Therefore the benefit will be a living-away-from-home food fringe benefit where the following criteria are met:

    · the benefit is an expense payment benefit or a property benefit;

    · the employee's expenditure was incurred in respect of food and drink or the property was food and drink;

    · the food and drink was not for consumption while the employee was travelling on work; and

    · the food and drink was for consumption by eligible family members while the employee was living away from his usual place of residence while performing his employment duties.

These criteria are considered below.

Was the benefit an expense payment benefit or a property benefit?

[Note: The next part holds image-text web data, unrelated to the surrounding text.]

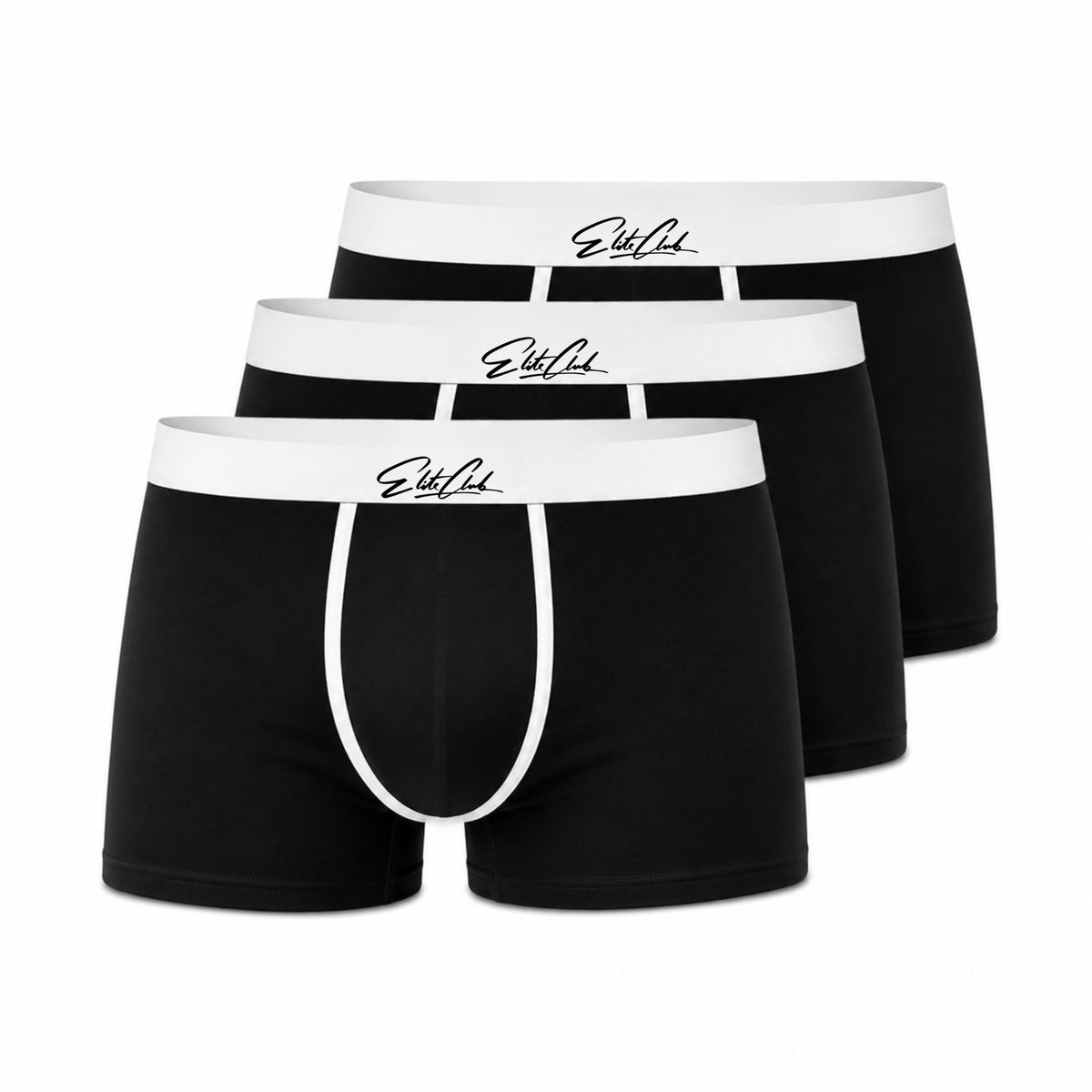Boxershorts Herren 3er Set Bio-Baumwolle Schwarz – Ansicht 1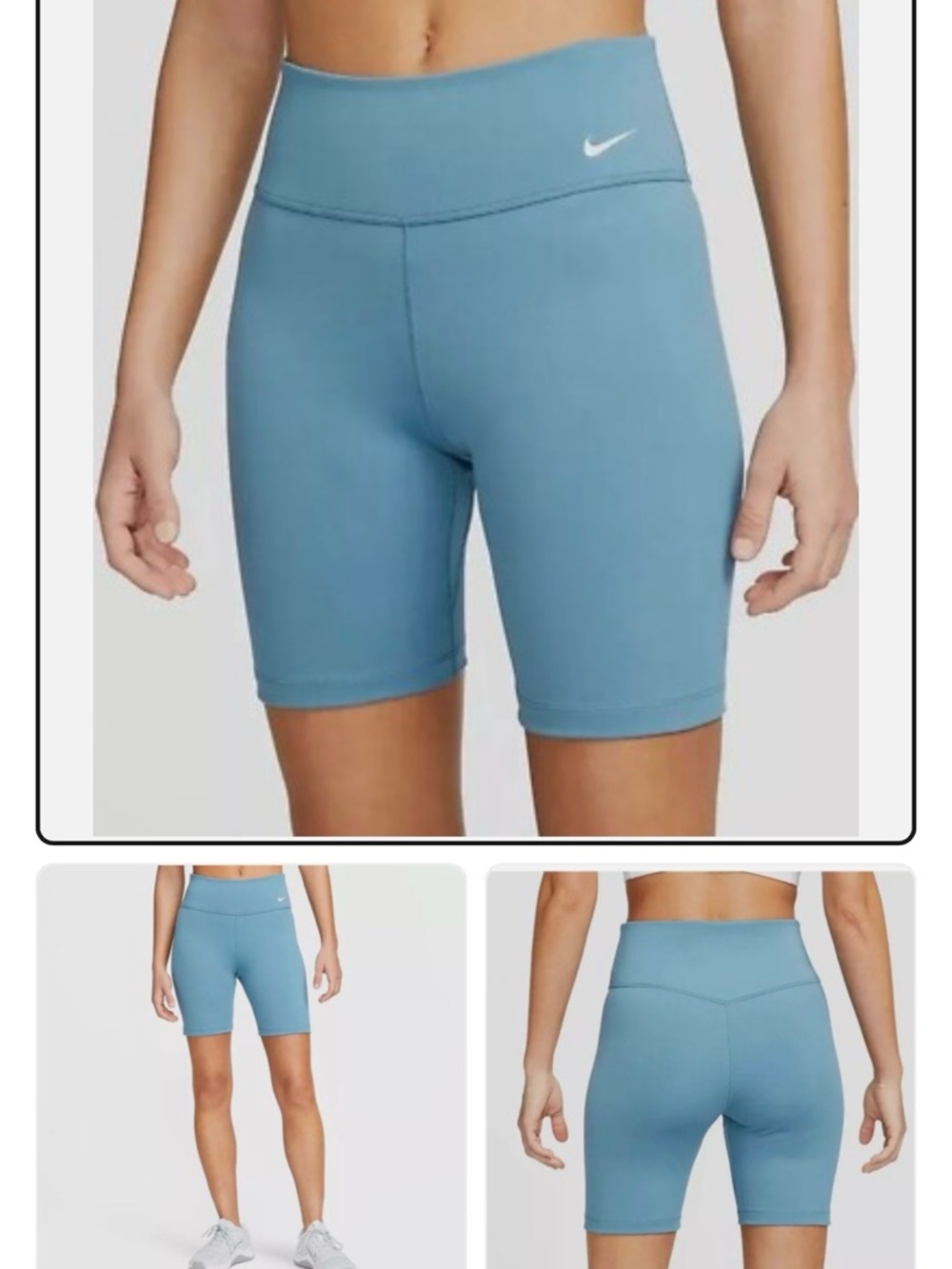 Nike Women's Mid Rise 7” aqua Bike training g Shorts NWT size S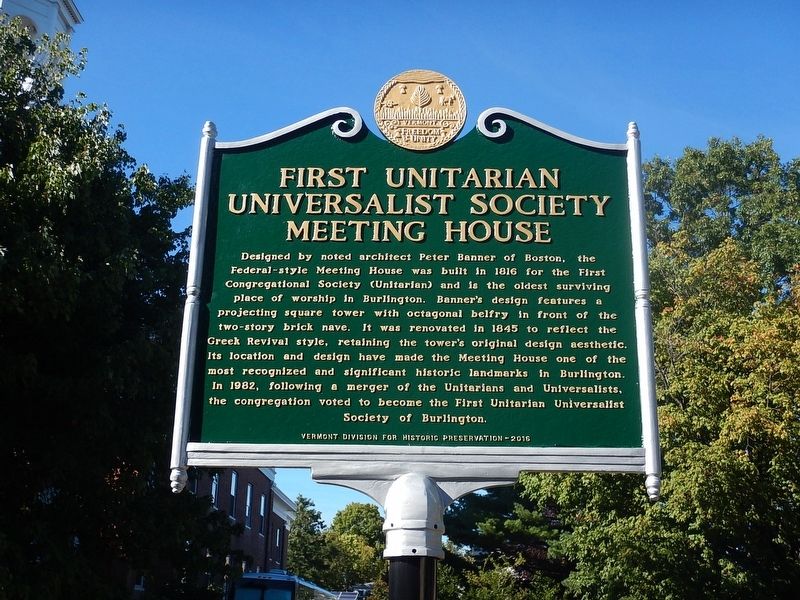 First Unitarian Universalist Society Meeting House Marker image. Click for full size.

As discussed above the provision of the pantry items was a property benefit.

(2) Was the property food or drink?

As discussed above, some of the pantry items were food and drink. The reduction will not apply to the items that were not food or drink.

Was the food and drink provided while the employee was travelling on work?

As discussed above, the employee was not travelling on work when provided with the food for their pantry.

(4) Was the food and drink for consumption by eligible family members while the employee was living away from his usual place of residence while performing his employment duties?

As discussed above, your employee is living away from their usual place of residence while performing their employment duties. Therefore, as all the above criteria have been met, the food or drink purchased for the pantry is considered to be a living-away-from-home food fringe benefit.

The calculation of the taxable value of a 'living-away-from-home food fringe benefit

In accordance with the treatment of cash living-away-from-home allowances section 63 reduces what would otherwise be the taxable value of the property benefit to the equivalent of $42 a week for each adult and $21 a week for each child.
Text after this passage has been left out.